Swindon

1951: It was General Election day, with voters eventually deciding that Labour under Clement Attlee should be replaced by the Conservatives under Winston Churchill. The earliest voter at one Swindon polling station, St Barnabas Church Hall, in Gorse Hill, was 82-year-old Annie Smith.

1951: One of two budgerigars which escaped from Whitworth Road when an aviary was broken into was found at the Cypress Grove home of Mr and Mrs J Marsh. Mrs Marsh said: “I heard the fluttering of wings and a bird chattering. I found a bird sitting on the table. The door and window had not been opened so it must have come down the chimney.”

1961: Three unnamed boys, aged nine, 12 and 13, admitted shoplifting after raiding the stationery department at Woolworth’s. Swindon Borough Juvenile Court heard that the haul included small notebooks, two larger books, a rubber and two pens. The chairman of the bench, Mr WJ Lewis, fined each boy 10 shillings - 50p - and said he hoped the sums would be taken from the boys’ pocket money.

1961: The new landlord of Wroughton’s Swan Inn, Sidney Victor Taylor, had spent the previous seven years running the Marlborough College Combined Cadet Force. He was a friend of the college’s art master, Guy Barton, who was happy to lend him two paintings to be displayed. One was a North Country landscape and the other a still life with a cyclamen.

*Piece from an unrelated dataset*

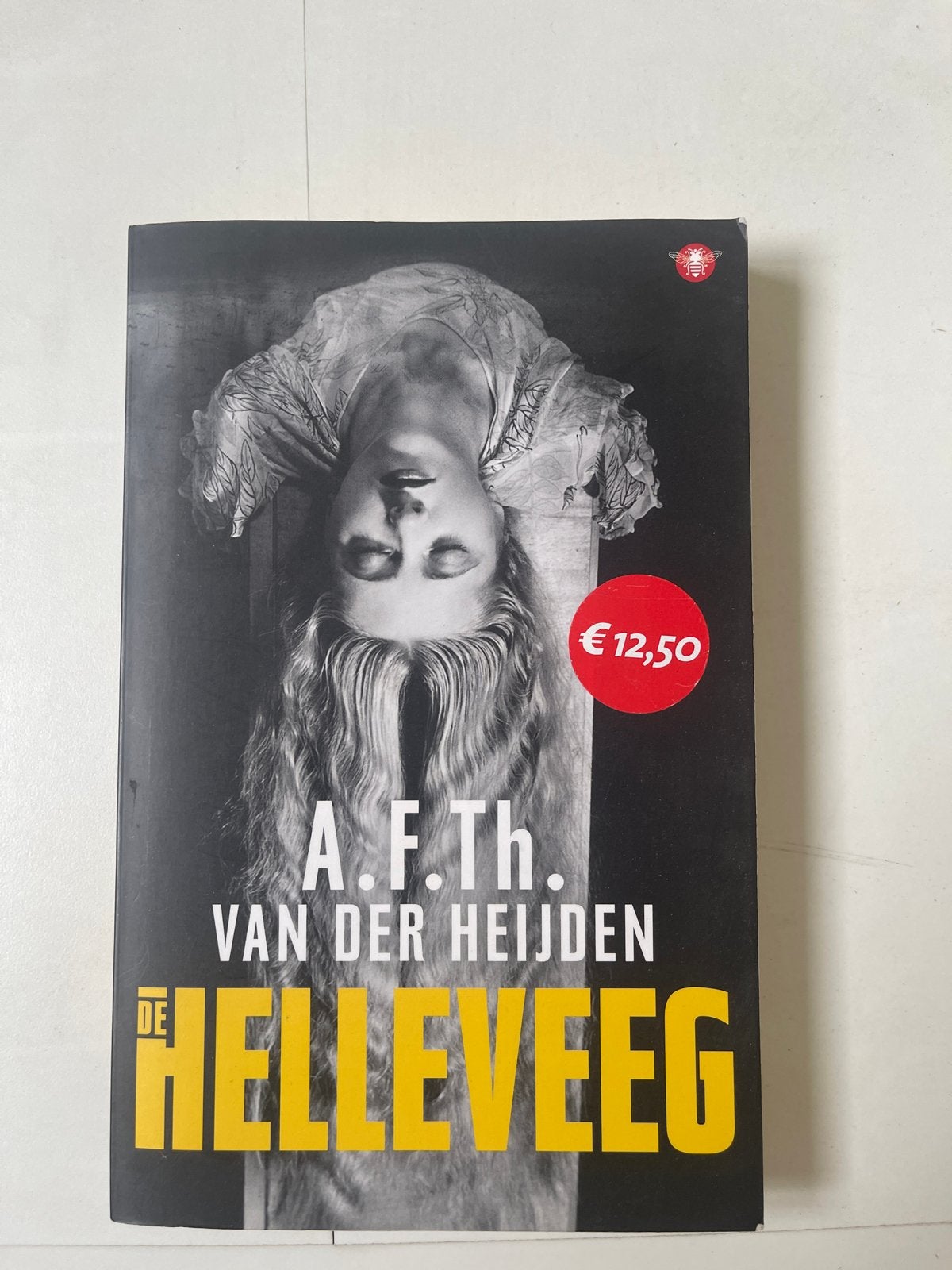 De Helleveeg - A.F.Th. van der Heijden, Ophalen of Verzenden, Zo goed als nieuw, Nederland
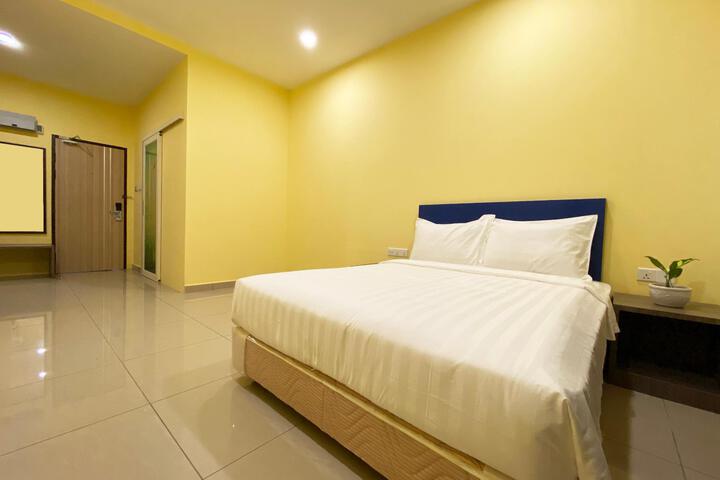Room 21 of 21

1971: The Plessey Retired Employees’ Fair was held at St Andrew’s Church Hall in Walcot. One of the most popular attractions was an electronic game in which competitors had to keep a steady hand as they guided a loop of metal along an undulating wire without setting off a buzzer.

1971: Kay Osborne, of Station Road in South Cerney, was about to take an exam in order to become a football referee. However, even if she passed she wouldn’t be allowed to use the qualification because the Football Association didn’t recognise female referees.

The world

1400: Geoffrey Chaucer, author of The Canterbury Tales, died.

1415: The Battle of Agincourt took place at which the heavily outnumbered English Army of Henry V defeated the French.

1825: Johann Strauss the Younger, Austrian composer of waltzes such as The Blue Danube and operettas including Die Fledermaus, was born in Vienna.

1881: Pablo Picasso, Spanish painter and creator of Cubism, was born in Malaga, Andalusia.

1936: The first radio request programme was broadcast. A station in Berlin introduced You Ask - We Play.

1951: Margaret Thatcher was, at 26, the youngest candidate to stand at a general election. The Tories won overall by a narrow margin but she failed to win her seat.

1961: The first edition of Private Eye, the British satirical magazine, was published.

1964: President Kaunda took power in Zambia.

1983: US Marines invaded Grenada.

BIRTHDAYS

Alan Smith, former cricketer, 81; Helen Reddy, singer, 76; Anne Tyler, novelist, 76; Fred Housego, TV personality, 73; Jon Anderson, singer (Yes), 73; Glynis Barber, actress, 62; Phil Daniels, actor, 59; Michael Lynagh, former rugby player, 54; Mathieu Amalric, French actor, 52; Zadie Smith, author, 42; Natasha Khan, singer, 38; Shaun Wright-Phillips, footballer, 36; Katy Perry, singer, 33.